Когда я уже закрыл дверь и остался с ключами в руке, вдруг вспомнил: надо заплатить за комнату мужу моей кузины.
На ходу отсчитываю деньги. (Отец головой качает: "Пересчитай, лишние дал".)
Стучусь к соседке.
Людмила берет деньги и просит меня на минутку задержаться. Идет в чулан. Выходит, протягивает продолговатую коробочку с трубовидным фонариком.

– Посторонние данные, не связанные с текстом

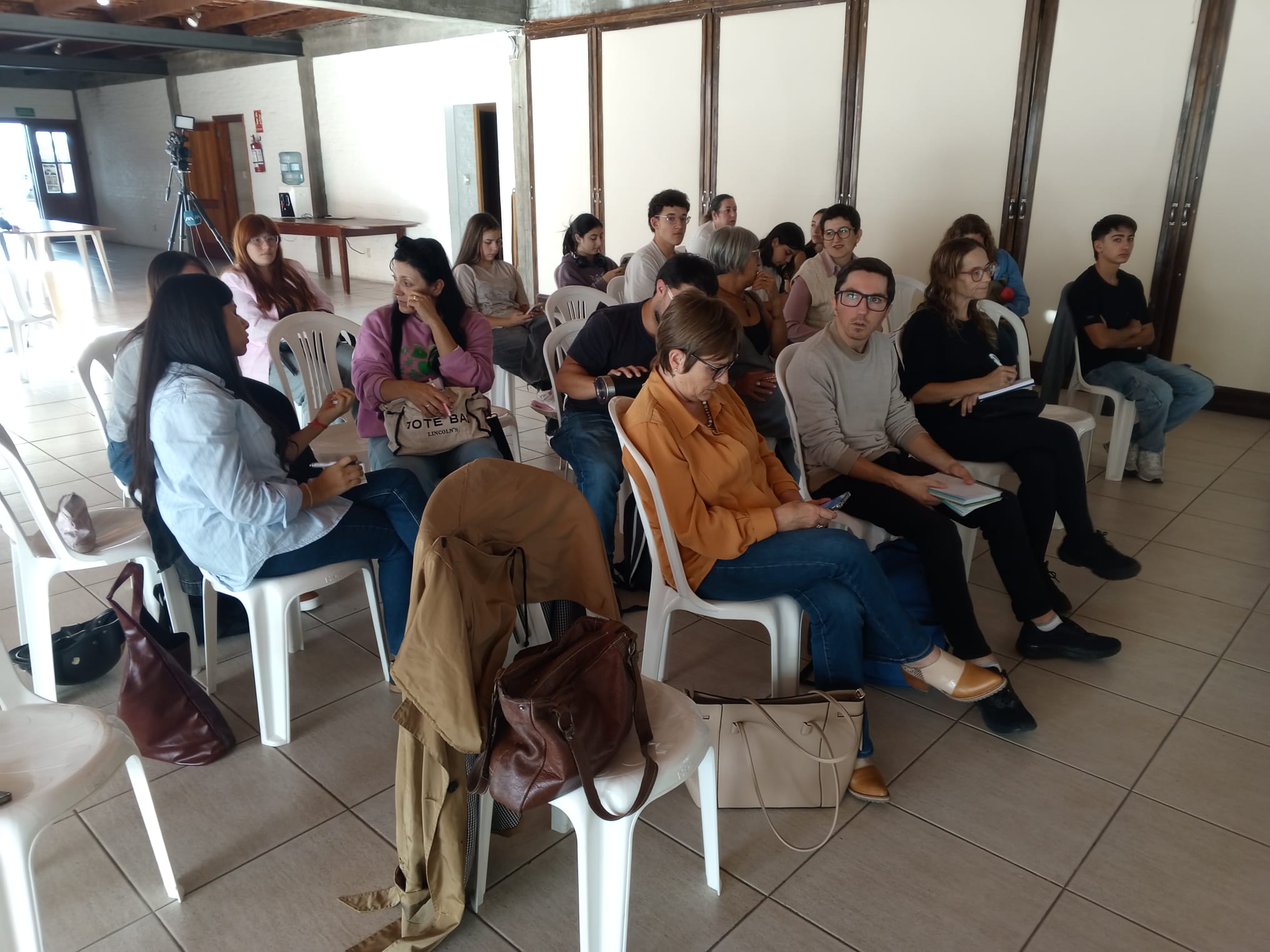 Lanzaron_Conecta_Florida_un_programa_para_impulsar_la_digitalización_de_emprendedores_y_estudiantes_2.jpeg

- Если вам не нужно, подарите в Баку кому-нибудь. Ой, а вам идет короткая стрижка.
При этих словах появляется Арамыч. Здороваясь с отцом, магистр игровой терапии кладет руку на талию Людмилы, привлекает ее к себе. Я думаю: вот он типичный жест собственника: "Мое". Вероятно, узрел в отце конкурента.
- Илья, - говорит Арамыч, - удачи тебе.
Я удивлен: он впервые назвал меня моим именем.
- Вечно тебя скоморохи окружают какие-то, - сказал отец в лифте, стоя ко мне спиной.
На улице Остужева мы встретили Людмилину дочь Аленку. Девочка возвращалась из школы со своей подругой. Увидев нас, поздоровалась и тут же смутилась; чтобы скрыть свое подростковое смущение, стала о чем-то быстро-быстро говорить подруге. Потом девочки перешли улицу и скрылись за углом дома, на котором висела вывеска дантиста. Коренной зуб был похож на дрейфующий континент стрелка указывала направление в кабинет док. Беленького - и напоминал забывчивому человечеству о давней трагедии планетарного масштаба.
Собирался дождь, он давно уже собирался.
За пыльными стеклами троллейбуса медленно проплывало серое от низко нависших туч Садовое кольцо. Медленно скользила влево вместе с зеленой крышей дома (зеленее вряд ли бывает) мадам Баттерфляй братьев "МММ"...
Мы как-то неудачно встали, прямо рядом с компостером, и отца на каждой остановке просили пробить билет.
Я ждал, когда же, наконец, он взорвется, но альтруизму его не было границ; другой бы на месте отца давно бы нахамил, а он... железные нервы. Когда отец в очередной раз прокомпостировал билет, я спросил:
- Может, переберемся? Лично меня это раздражает.
- Не стоит, в тихом месте наговорю тебе все что думаю, с тебя, конечно, как с гуся вода, а я буду потом ходить и валидол сосать.
Ах, вот оно что, а я-то думал...
Когда он такой - только на бемолях или только на диезах - я не понимаю его; не понимаю, о чем он, а он не понимает, о чем я, и тогда оба мы предпочитаем молчать; каждый о своем. Последнее время все чаще и чаще.